» Task objective: Your job is to give again, exactly and with no additions, the lines in the records below from the one with "СВАДЕБНАЯ СЬЕМКА В" through the one with "మాకవరపాలెం భూ సర్వేపై రైతుల ఆరోపణ - Udayam", both included. Omit the pictures.

» Supplied records:
....................
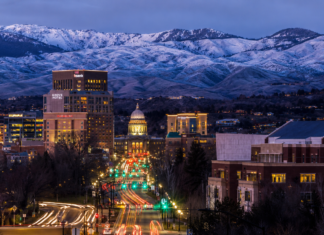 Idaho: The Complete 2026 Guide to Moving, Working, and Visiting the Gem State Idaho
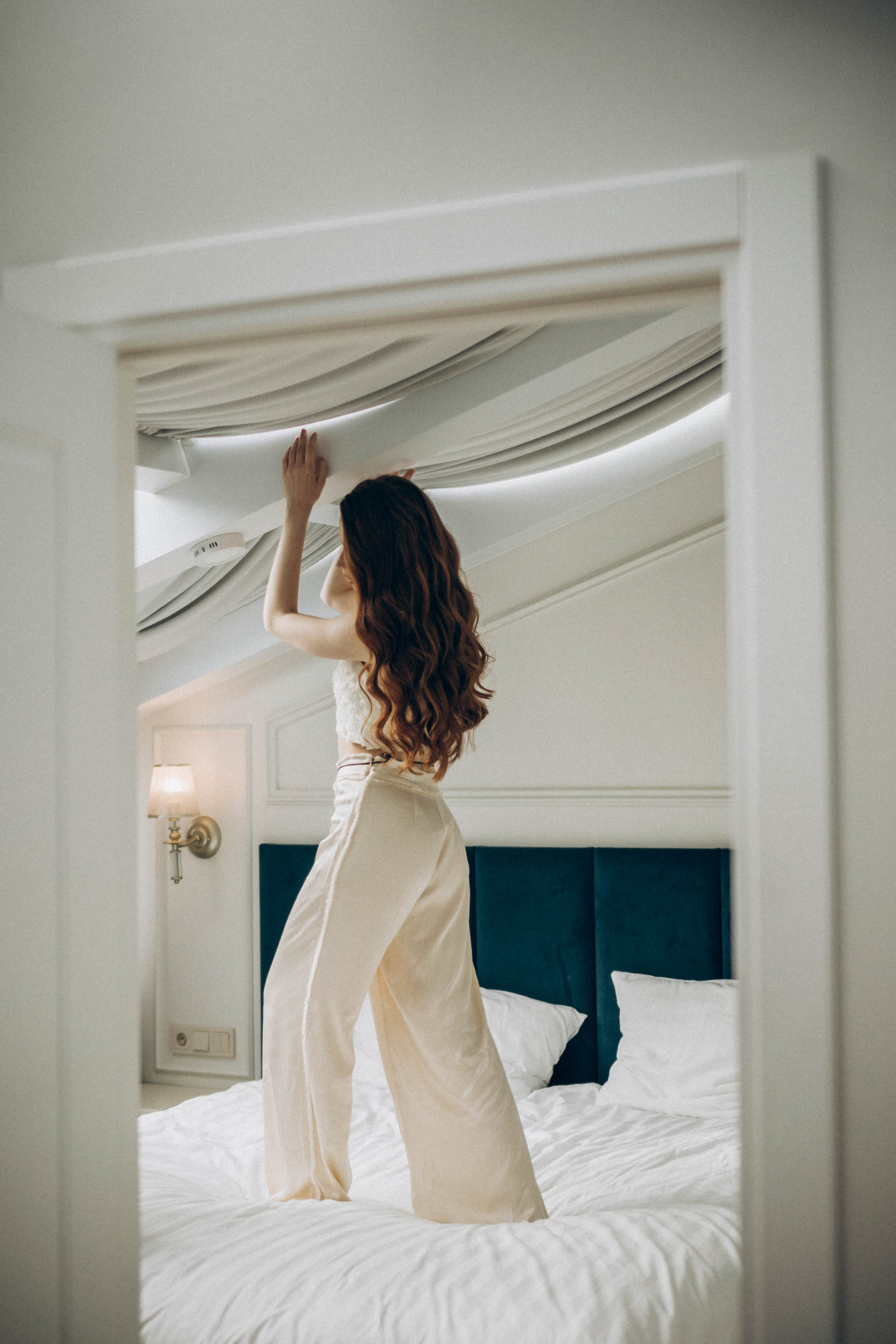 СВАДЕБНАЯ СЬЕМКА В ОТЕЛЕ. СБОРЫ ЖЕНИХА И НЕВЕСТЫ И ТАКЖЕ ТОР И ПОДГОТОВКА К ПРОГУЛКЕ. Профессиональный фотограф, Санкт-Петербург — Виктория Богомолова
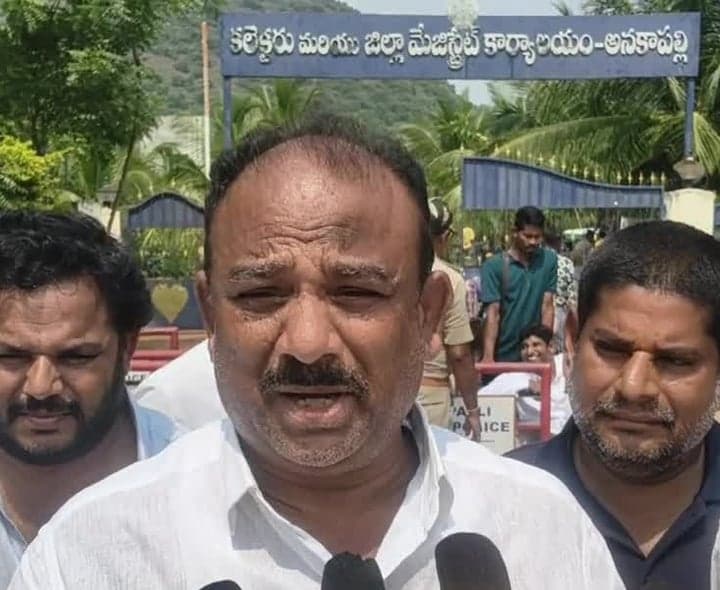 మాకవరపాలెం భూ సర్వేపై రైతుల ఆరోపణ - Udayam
....................
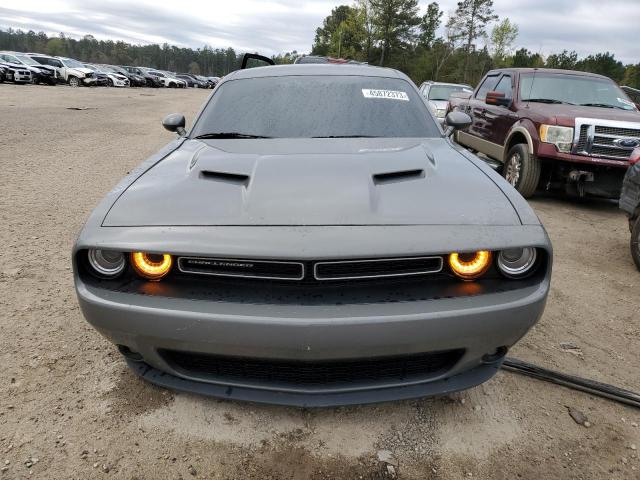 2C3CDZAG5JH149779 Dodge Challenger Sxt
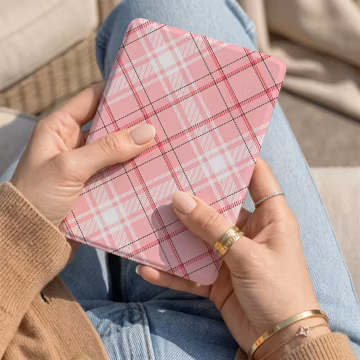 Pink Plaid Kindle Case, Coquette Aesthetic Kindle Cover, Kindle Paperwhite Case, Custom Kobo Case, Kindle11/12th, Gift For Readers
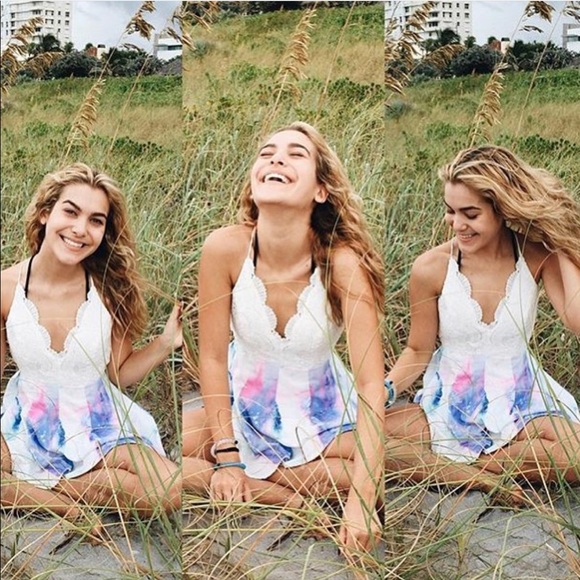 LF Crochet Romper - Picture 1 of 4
....................
» Response to this task:
 СВАДЕБНАЯ СЬЕМКА В ОТЕЛЕ. СБОРЫ ЖЕНИХА И НЕВЕСТЫ И ТАКЖЕ ТОР И ПОДГОТОВКА К ПРОГУЛКЕ. Профессиональный фотограф, Санкт-Петербург — Виктория Богомолова
 మాకవరపాలెం భూ సర్వేపై రైతుల ఆరోపణ - Udayam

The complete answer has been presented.